The ragamuffins in the bar were in an exile from a war they won or better yet two wars they won: The Rising and The Irish Civil war. The picture painted was of Mick Collins, their leader who was a casualty in their Civil War. Collin's former friend and opponent in the Irish Civil war was in power.

In 1947 Collins was an unperson, not spoken of rarely mentioned in books. The Irish in New York said nothing of Collins especially to an outsider. In The James Cagney Movie SHAKE HANDS WITH THE DEVIL Collins is presented unnamed as a shaddow behind a closed and guarded door. (Cagney's father had owned a bar like that depicted in the movie.)

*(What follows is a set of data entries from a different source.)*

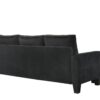 Jessica - Sofa Chaise - Black - Image 3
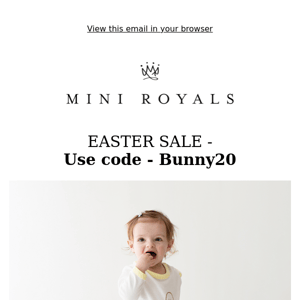 EASTER SALE! Use Code - Bunny20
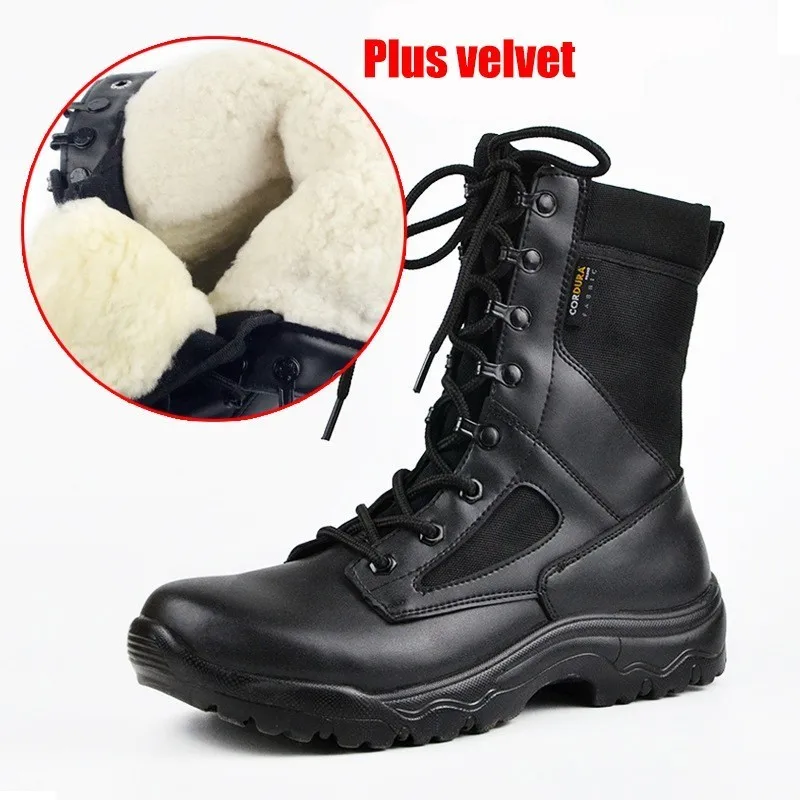 Men Outdoor Waterproof Hiking Shoes Male Desert Mesh Boots For Non-slip Wear Sports Climbing Winter Shoes
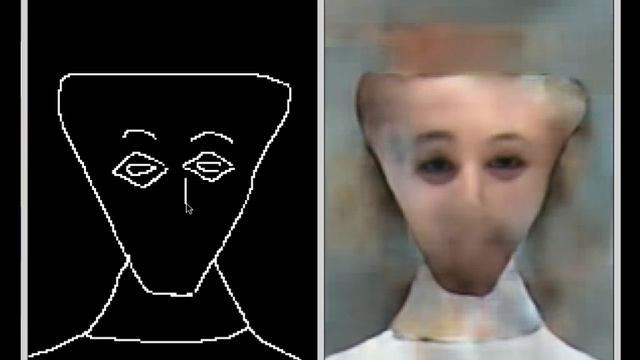 Neural Network Learns To Sketch Faces (Deep Doodle)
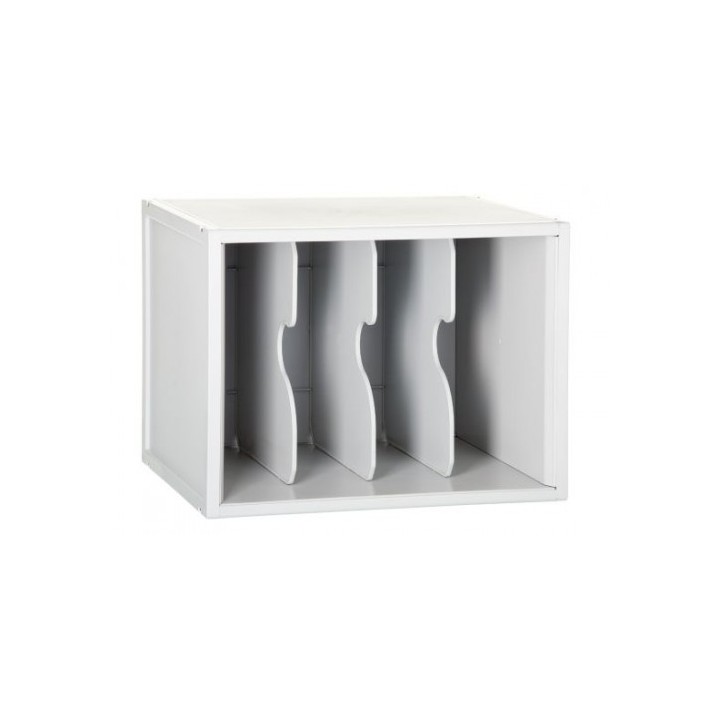 modulo archisystem con 3 separadores verticales 356x474x362 mm gris archivo 2000 8103ev gs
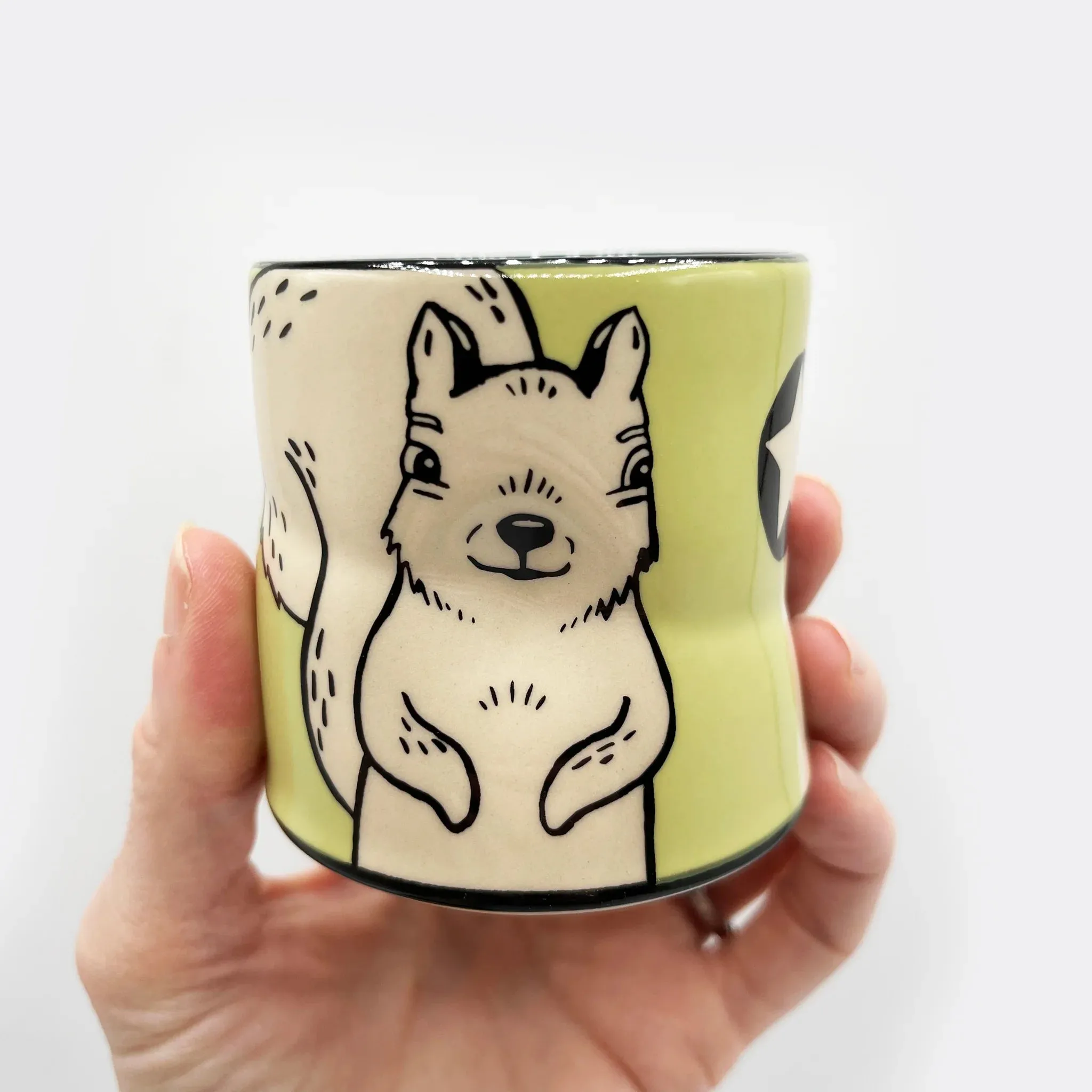 Lucky Squirrel Cup - 6oz, Medium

For these ragamuffins to let the artist in on their secret showed how highly they regarded the artist. And for a poor, wretched, uneducated people in that era, the Irish did appreciate art and artists and held them in special esteem exempt from many social rules, here excused from paying the bar tab. The patrons and the barkeep know the artist didn't do a very good job on the painting they commissioned by picking up the artist's supper tab but they politely celebrated it anyway. The artist shrinks away in humiliation.

The ragamuffinsin the bar are as much ghosts as Jennie. Their picture is of a dead hero; their cause is moribund, irrelevant. They themselves departed their own country and yet never made much of their new one. They're only a couple of feet from the dock they landed at, a quarter century earlier. They are ghosts-in-life.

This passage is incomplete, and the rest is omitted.